# How to prove stochastic dominance of negative binomial random variable

Let $$X\sim NegBin(n_1,p)$$ and $$Y\sim NegBin(n_2,p)$$ with $$n_1>n_2$$. How do I show that $$X$$ stochastically dominates $$Y$$ (i.e. $$F_X(x)\le F_Y(x)\quad\forall\:x\in\Bbb R$$)?

My try

Since a Negative binomial random variables is the number of tosses required before $$r$$ heads occur, where $$r$$ is the first parameter, we know that the minimum value it takes is at least $$r$$. Therefore, $$0=F_X(x)\le F_Y(x)\quad\forall\:x. However, I am finding it hard to prove it for $$x\ge n_1$$.

Also, intuitively it's clear. If we want to get more heads, then we have to perform more tosses, that's what I believe it says intuitively. But is there any way to show it algebraically?

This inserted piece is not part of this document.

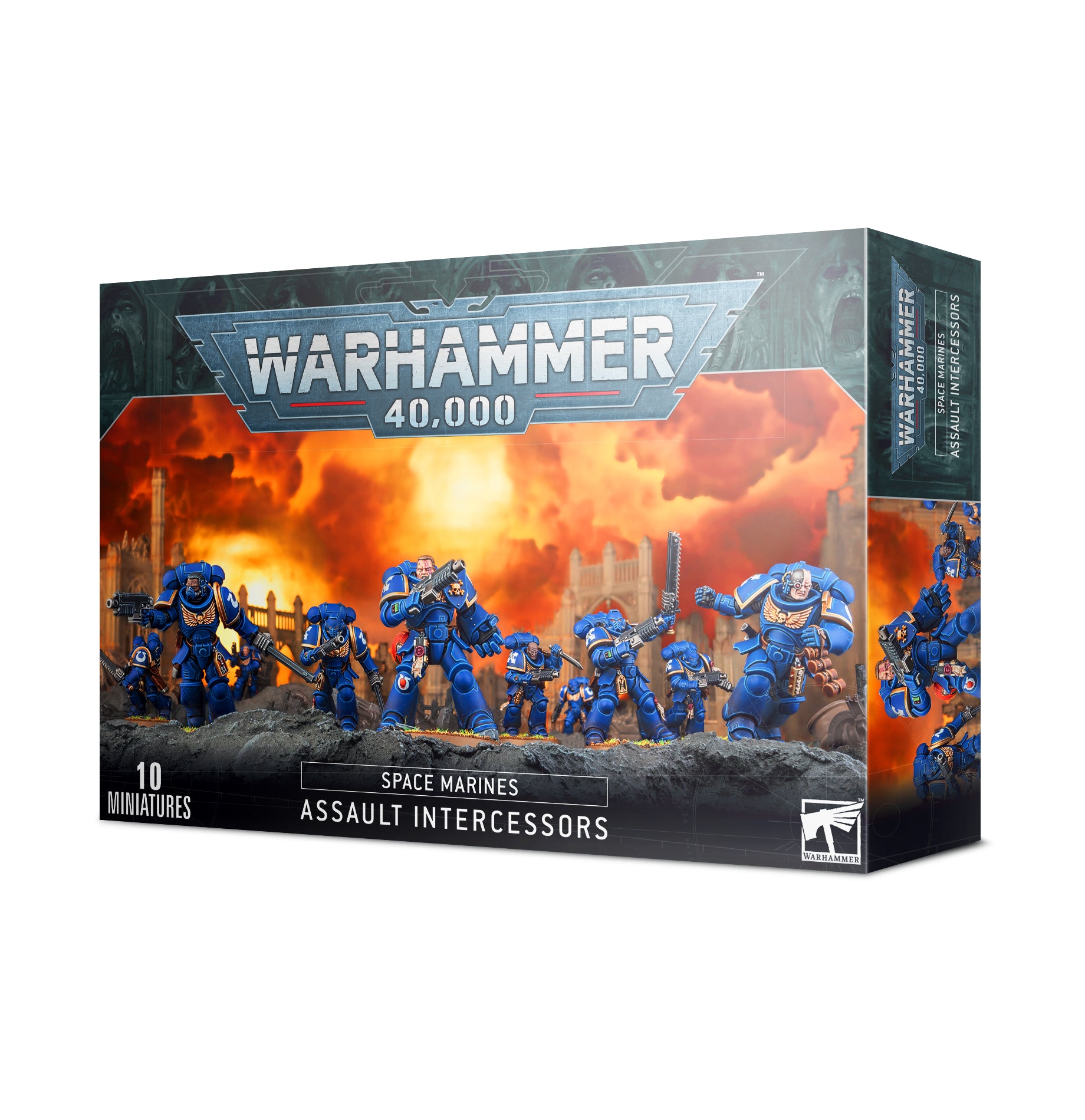 Space Marines: Assault Intercessors | Game Grid - Logan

• Hint: construct an experiment where $X$ and $Y$ have the desired negative binomial distributions, but $Y \le X$ with probability 1. It would immediately follow from this that $F_X(x) \le F_Y(x)$ because $[X \le x] \subseteq [Y \le x]$. – guy May 26 at 2:36
• @guy, Tossing a coin until we get $n_1$ heads will do? Then let $X$ be the number of tosses and $Y$ be the number of tosses until $n_2$'th head. – Martund May 26 at 2:41
• Seems good to me! – guy May 26 at 2:48
• Post it as an answer @guy, I'll accept. – Martund May 26 at 2:53

It is possible to show that $$F_X$$ stochastically dominates $$F_Y$$ if and only if there exists a probability space $$(\Omega, \mathcal F, P)$$ such that there are random variables $$X \sim F_X$$ and $$Y \sim F_Y$$ defined on this space such that $$Y \le X$$ holds everywhere. The if part of the implication is trivial, since $$[X \le x] \subseteq [Y \le x]$$ so that $$F_X(x) = \Pr(X \le x) \le \Pr(Y \le x) = F_Y(x)$$. While you don't need the second part, note that the only if part is also easy, as we can take $$U \sim \text{Uniform}(0,1)$$ and apply the probability integral transform with $$X = F_X^{-}(U)$$ and $$Y = F_Y^{-}(U)$$ where $$F^-$$ denotes taking the generalized inverse of the cdf.
In the case of negative binomial random variables, consider infinitely flipping a coin with heads probability $$p$$ and let $$X$$ the flip at which we hit heads $$n_1$$ heads and let $$Y$$ be the flip at which we hit $$n_2$$ heads. Then $$Y \le X$$, so we can apply the above observation.